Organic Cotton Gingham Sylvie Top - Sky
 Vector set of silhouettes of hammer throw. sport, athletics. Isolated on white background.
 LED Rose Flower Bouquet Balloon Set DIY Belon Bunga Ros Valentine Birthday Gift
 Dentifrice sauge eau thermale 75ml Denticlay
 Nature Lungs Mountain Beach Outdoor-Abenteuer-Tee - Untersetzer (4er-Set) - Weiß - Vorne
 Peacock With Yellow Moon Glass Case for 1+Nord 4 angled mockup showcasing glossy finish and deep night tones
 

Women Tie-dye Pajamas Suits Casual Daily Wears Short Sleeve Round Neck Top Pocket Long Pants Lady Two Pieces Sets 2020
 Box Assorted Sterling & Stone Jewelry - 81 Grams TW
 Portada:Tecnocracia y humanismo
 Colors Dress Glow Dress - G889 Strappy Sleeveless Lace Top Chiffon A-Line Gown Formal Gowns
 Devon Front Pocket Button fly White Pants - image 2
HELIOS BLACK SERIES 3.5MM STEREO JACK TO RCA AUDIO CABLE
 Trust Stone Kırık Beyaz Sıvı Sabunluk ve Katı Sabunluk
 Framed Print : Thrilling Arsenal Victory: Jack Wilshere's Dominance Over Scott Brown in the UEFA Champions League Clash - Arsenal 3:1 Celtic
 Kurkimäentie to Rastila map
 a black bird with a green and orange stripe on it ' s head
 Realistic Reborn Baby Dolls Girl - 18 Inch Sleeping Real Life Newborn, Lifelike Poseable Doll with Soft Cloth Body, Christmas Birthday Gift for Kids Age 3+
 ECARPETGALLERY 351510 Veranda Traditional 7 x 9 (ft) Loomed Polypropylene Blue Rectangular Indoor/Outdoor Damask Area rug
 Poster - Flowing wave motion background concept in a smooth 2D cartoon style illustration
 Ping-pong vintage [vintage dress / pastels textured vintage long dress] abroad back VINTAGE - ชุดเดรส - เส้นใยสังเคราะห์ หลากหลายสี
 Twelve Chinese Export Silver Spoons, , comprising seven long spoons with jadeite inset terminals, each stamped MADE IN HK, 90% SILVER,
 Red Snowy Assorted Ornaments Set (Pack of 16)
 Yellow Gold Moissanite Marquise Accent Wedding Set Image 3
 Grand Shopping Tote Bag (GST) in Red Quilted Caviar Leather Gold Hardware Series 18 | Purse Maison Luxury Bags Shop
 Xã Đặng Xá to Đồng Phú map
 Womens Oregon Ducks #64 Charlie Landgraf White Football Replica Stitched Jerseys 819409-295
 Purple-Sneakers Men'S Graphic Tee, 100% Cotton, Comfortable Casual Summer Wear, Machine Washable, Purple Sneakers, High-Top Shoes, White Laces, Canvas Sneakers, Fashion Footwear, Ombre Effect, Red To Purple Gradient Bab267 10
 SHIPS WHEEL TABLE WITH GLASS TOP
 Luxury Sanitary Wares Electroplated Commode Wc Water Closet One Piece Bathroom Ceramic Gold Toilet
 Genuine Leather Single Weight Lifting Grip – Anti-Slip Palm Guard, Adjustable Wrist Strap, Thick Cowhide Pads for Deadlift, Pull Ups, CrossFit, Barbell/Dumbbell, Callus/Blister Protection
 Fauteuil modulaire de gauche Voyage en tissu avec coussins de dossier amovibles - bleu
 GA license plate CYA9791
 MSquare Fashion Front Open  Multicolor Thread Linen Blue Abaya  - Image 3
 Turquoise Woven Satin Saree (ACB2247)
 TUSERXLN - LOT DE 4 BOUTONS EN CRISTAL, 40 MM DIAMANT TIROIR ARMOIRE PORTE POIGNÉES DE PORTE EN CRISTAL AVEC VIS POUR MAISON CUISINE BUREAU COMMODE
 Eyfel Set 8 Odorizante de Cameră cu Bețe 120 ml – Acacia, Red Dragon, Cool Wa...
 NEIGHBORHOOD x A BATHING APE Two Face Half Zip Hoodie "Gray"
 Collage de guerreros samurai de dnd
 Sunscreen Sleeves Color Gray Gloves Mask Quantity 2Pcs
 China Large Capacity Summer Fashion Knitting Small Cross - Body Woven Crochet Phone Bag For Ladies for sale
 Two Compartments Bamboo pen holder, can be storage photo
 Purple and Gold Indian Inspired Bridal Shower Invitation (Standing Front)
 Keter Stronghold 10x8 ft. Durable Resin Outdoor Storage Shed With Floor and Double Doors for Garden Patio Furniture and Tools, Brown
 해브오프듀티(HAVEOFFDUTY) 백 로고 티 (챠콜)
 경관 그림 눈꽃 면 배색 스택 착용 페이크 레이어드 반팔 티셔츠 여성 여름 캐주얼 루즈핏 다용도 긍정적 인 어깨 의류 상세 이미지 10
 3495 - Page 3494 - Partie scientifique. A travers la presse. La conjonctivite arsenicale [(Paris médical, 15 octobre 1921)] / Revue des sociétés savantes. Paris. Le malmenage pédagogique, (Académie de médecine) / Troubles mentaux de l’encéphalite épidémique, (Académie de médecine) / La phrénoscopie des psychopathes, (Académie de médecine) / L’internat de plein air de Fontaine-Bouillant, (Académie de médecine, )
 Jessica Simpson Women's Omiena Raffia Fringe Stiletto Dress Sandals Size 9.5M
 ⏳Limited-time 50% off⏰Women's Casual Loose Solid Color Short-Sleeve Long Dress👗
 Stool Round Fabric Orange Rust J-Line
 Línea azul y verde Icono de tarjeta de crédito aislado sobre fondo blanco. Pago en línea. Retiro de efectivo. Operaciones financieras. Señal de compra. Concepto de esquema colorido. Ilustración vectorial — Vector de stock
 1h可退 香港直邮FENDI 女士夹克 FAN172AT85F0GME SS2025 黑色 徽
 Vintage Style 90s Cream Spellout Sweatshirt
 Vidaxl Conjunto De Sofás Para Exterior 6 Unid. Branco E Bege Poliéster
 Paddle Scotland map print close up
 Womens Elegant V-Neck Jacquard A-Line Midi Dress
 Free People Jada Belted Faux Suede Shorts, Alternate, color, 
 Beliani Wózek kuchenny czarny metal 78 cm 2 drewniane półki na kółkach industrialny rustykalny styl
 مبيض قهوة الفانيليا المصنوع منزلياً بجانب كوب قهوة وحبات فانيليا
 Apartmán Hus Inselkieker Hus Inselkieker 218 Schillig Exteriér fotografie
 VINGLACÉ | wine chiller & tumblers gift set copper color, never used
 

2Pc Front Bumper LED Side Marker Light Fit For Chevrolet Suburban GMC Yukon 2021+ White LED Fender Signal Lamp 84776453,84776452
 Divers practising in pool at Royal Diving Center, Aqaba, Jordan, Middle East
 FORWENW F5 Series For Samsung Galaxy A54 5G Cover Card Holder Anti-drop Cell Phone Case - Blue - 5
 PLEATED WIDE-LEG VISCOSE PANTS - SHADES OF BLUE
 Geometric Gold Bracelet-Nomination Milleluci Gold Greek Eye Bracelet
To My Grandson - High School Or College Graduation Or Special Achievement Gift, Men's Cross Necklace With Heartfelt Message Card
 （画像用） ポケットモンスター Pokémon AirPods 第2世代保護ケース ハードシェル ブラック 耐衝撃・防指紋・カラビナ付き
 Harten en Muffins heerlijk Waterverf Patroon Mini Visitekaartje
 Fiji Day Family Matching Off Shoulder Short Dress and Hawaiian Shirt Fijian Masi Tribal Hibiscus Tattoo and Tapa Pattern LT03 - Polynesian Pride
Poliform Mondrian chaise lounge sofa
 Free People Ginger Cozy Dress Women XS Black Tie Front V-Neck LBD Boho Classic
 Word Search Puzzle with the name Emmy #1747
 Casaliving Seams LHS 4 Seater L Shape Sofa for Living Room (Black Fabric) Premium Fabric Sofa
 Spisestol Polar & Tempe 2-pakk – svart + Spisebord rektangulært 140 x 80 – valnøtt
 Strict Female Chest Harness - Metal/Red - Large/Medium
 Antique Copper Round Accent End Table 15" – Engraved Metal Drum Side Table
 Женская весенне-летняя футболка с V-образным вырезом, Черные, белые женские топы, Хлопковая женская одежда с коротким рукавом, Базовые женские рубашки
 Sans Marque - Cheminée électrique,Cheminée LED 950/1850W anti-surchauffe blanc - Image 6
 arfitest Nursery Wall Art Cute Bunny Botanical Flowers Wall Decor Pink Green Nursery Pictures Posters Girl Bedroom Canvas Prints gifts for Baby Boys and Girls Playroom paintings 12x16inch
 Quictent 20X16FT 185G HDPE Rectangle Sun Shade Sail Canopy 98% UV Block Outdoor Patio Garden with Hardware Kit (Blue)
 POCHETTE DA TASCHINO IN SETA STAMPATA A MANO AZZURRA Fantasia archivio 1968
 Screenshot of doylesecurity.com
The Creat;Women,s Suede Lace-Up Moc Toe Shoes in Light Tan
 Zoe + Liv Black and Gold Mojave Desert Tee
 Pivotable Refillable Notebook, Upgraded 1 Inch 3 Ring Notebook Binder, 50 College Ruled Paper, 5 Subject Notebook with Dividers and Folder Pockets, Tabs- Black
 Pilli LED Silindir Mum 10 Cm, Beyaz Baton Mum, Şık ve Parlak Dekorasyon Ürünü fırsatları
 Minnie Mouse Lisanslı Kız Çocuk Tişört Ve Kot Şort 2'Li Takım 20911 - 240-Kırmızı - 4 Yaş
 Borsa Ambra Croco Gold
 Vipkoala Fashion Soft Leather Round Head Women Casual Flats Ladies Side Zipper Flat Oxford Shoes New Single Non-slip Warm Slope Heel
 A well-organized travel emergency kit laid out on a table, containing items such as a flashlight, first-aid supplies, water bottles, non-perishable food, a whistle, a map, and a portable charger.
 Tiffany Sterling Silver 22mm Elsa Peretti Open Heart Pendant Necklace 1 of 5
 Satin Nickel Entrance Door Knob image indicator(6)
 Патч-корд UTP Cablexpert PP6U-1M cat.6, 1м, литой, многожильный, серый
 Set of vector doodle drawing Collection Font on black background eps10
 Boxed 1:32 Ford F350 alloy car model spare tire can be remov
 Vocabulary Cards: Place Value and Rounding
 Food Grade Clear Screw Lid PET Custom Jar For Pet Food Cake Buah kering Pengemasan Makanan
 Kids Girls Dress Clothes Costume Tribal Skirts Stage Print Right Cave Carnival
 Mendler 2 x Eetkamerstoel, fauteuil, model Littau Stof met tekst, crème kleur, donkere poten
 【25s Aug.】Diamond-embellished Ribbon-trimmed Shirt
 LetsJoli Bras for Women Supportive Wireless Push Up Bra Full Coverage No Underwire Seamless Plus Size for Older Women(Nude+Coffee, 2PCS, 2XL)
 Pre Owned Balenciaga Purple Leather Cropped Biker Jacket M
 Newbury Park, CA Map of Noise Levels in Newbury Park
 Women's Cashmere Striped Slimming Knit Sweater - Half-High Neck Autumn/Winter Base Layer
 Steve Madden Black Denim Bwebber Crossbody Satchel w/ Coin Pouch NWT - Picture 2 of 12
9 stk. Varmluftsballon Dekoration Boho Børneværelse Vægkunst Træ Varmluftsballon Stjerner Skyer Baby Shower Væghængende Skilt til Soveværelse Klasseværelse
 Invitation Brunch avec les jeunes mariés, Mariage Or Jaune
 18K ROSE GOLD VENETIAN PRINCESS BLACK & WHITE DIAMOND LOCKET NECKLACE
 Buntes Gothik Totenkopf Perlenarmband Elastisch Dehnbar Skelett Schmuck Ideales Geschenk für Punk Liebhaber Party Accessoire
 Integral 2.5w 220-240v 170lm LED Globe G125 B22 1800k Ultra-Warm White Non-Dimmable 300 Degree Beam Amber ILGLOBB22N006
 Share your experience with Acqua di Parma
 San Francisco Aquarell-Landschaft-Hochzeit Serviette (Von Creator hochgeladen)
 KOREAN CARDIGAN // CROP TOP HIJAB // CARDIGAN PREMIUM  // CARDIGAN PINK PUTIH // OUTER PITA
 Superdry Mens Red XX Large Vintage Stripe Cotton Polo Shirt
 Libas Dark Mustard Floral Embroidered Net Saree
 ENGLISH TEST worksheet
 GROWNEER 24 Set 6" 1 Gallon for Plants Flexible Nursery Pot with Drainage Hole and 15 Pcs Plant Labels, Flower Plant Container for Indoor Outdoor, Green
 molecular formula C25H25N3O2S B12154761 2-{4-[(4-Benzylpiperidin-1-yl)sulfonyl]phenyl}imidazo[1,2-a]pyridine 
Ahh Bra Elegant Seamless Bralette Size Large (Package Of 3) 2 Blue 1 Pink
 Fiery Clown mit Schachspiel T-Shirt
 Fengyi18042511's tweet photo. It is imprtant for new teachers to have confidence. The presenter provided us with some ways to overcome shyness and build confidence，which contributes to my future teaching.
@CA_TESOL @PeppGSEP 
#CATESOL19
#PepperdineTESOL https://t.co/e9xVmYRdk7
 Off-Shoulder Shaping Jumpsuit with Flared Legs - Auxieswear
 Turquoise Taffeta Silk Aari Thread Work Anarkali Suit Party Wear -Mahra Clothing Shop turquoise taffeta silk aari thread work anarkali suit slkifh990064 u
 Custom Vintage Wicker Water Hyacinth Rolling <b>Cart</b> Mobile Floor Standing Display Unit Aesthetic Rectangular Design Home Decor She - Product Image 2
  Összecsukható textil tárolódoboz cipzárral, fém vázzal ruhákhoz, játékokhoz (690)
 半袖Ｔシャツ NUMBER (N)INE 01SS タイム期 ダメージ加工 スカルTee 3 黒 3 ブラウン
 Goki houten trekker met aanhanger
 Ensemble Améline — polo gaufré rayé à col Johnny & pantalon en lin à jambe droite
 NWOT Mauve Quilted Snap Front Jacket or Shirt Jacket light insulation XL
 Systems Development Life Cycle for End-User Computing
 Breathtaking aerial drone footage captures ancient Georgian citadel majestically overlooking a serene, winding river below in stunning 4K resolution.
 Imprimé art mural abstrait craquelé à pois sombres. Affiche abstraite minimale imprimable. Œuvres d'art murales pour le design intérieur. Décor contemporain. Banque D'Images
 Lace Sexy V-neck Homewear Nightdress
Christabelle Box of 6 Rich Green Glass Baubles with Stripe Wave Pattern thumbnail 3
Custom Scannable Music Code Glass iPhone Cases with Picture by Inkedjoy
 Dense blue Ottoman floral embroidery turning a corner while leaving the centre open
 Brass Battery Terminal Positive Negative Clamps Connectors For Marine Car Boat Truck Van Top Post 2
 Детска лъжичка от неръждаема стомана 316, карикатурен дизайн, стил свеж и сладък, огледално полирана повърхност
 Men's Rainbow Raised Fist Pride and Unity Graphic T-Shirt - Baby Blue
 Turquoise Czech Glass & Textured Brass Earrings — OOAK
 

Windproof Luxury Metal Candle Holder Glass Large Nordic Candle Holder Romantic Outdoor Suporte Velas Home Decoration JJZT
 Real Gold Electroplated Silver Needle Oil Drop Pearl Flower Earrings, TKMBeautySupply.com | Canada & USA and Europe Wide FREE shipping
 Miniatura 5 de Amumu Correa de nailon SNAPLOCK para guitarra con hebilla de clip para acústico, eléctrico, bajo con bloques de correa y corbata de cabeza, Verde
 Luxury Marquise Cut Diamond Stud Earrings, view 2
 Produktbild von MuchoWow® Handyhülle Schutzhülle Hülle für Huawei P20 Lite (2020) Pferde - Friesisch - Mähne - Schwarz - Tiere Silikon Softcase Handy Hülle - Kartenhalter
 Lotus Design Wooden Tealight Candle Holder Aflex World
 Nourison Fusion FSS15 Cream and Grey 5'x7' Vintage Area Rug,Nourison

• Brief
Please copy, word for word, every line from the first line of the records through the line containing "Yellow Gold Moissanite", with both of those lines included and nothing else.

• Solution to this problem
Organic Cotton Gingham Sylvie Top - Sky
 Vector set of silhouettes of hammer throw. sport, athletics. Isolated on white background.
 LED Rose Flower Bouquet Balloon Set DIY Belon Bunga Ros Valentine Birthday Gift
 Dentifrice sauge eau thermale 75ml Denticlay
 Nature Lungs Mountain Beach Outdoor-Abenteuer-Tee - Untersetzer (4er-Set) - Weiß - Vorne
 Peacock With Yellow Moon Glass Case for 1+Nord 4 angled mockup showcasing glossy finish and deep night tones
 

Women Tie-dye Pajamas Suits Casual Daily Wears Short Sleeve Round Neck Top Pocket Long Pants Lady Two Pieces Sets 2020
 Box Assorted Sterling & Stone Jewelry - 81 Grams TW
 Portada:Tecnocracia y humanismo
 Colors Dress Glow Dress - G889 Strappy Sleeveless Lace Top Chiffon A-Line Gown Formal Gowns
 Devon Front Pocket Button fly White Pants - image 2
HELIOS BLACK SERIES 3.5MM STEREO JACK TO RCA AUDIO CABLE
 Trust Stone Kırık Beyaz Sıvı Sabunluk ve Katı Sabunluk
 Framed Print : Thrilling Arsenal Victory: Jack Wilshere's Dominance Over Scott Brown in the UEFA Champions League Clash - Arsenal 3:1 Celtic
 Kurkimäentie to Rastila map
 a black bird with a green and orange stripe on it ' s head
 Realistic Reborn Baby Dolls Girl - 18 Inch Sleeping Real Life Newborn, Lifelike Poseable Doll with Soft Cloth Body, Christmas Birthday Gift for Kids Age 3+
 ECARPETGALLERY 351510 Veranda Traditional 7 x 9 (ft) Loomed Polypropylene Blue Rectangular Indoor/Outdoor Damask Area rug
 Poster - Flowing wave motion background concept in a smooth 2D cartoon style illustration
 Ping-pong vintage [vintage dress / pastels textured vintage long dress] abroad back VINTAGE - ชุดเดรส - เส้นใยสังเคราะห์ หลากหลายสี
 Twelve Chinese Export Silver Spoons, , comprising seven long spoons with jadeite inset terminals, each stamped MADE IN HK, 90% SILVER,
 Red Snowy Assorted Ornaments Set (Pack of 16)
 Yellow Gold Moissanite Marquise Accent Wedding Set Image 3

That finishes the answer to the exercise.